At this state we can evaluate probabilities of default (PD) for all observations by group as follows:
# Cteate a data frame of PD:
df_test_aic %>%
mutate(prob_default = test_pred,
BAD = case_when(BAD == 1 ~ "Default", TRUE ~ "NonDefault")) -> prob_default_df
# Show some statistics:
prob_default_df %>%
group_by(BAD) %>%
summarise_each(funs(min, max, median, mean, n()), prob_default) %>%
mutate_if(is.numeric, function(x) {round(x, 4)}) %>%
knitr::kable(caption = "Table 3: Probabilities of Default by Group for Test Data")
Table 3: Probabilities of Default by Group for Test Data
Default |
0.0074 |
0.9840 |
0.5152 |
0.4946 |
595 |
NonDefault |
0.0056 |
0.9407 |
0.0417 |
0.1140 |
2385 |
# PD Distribution by group:
prob_default_df %>%
group_by(BAD) %>%
summarise(tb = mean(prob_default)) %>%
ungroup() -> mean_prob_test
prob_default_df %>%
ggplot(aes(prob_default, color = BAD, fill = BAD)) +
geom_density(alpha = 0.3) +
geom_vline(aes(xintercept = mean_prob_test$tb[1]), linetype = "dashed", color = "red") +
geom_vline(aes(xintercept = mean_prob_test$tb[2]), linetype = "dashed", color = "blue") +
geom_text(aes(x = 0.44, y = 9.2, label = mean_prob_test$tb[1] %>% round(4)), color = "red", size = 4) +
geom_text(aes(x = 0.1 + 0.07, y = 9.2, label = mean_prob_test$tb[2] %>% round(4)), color = "blue", size = 4) +
theme(legend.title = element_blank()) +
theme(legend.position = c(0.88, 0.8)) +
theme(plot.margin = unit(c(1, 1, 1, 1), "cm")) +
labs(x = NULL, y = NULL, title = "Figure 4: PD Distribution by two Credit Groups for Test Data")

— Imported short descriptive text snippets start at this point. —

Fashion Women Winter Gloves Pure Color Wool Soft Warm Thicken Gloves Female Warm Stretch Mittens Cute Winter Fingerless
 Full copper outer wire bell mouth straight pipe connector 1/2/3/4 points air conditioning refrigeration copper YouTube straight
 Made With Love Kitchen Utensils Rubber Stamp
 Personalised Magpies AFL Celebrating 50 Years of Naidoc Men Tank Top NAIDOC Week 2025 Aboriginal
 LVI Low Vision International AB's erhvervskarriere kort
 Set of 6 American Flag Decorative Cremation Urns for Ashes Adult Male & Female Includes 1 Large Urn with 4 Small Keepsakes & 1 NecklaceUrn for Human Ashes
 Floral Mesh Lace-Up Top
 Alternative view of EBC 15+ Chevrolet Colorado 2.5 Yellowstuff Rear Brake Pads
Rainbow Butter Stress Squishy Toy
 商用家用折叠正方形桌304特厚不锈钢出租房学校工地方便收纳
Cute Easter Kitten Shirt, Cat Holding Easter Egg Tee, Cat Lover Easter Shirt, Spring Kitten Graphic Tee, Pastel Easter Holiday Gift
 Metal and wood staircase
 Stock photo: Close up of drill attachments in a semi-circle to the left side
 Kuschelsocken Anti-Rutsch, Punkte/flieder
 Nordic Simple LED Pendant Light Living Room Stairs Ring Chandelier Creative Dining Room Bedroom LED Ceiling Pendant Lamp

Search Optimal Threshold of Probability that maximize Accuracy
Accuracy criterion is widely used for evaluating model performance in context of credit scoring. However this measure is totally affected by threshold of probability that we select for classifier. In this section I will present approach to finding optimal threshold that maximizes accuracy by using simulation method.
# Function calculates model criteria for Logistic Classifier:
library(caret)
eval_fun <- function(thre) {
lapply(1:30, function(x) {
set.seed(x)
id <- createDataPartition(y = df_test_aic$BAD, p = 1000 / nrow(df_test_aic), list = FALSE)
test_df_mini <- df_test_aic[id, ]
df_test_woe_mini <- woebin_ply(test_df_mini, bins_var)
test_pred <- predict(my_logistic, df_test_woe_mini, type = "response")
predict <- case_when(test_pred >= thre ~ "Default",
test_pred < thre ~ "NonDefault")
cm <- confusionMatrix(case_when(test_df_mini$BAD == 1 ~ "Default", TRUE ~ "NonDefault") %>% as.factor(),
predict %>% as.factor())
bg_gg <- cm$table %>%
as.vector() %>%
matrix(ncol = 4) %>%
as.data.frame()
names(bg_gg) <- c("BB", "GB", "BG", "GG")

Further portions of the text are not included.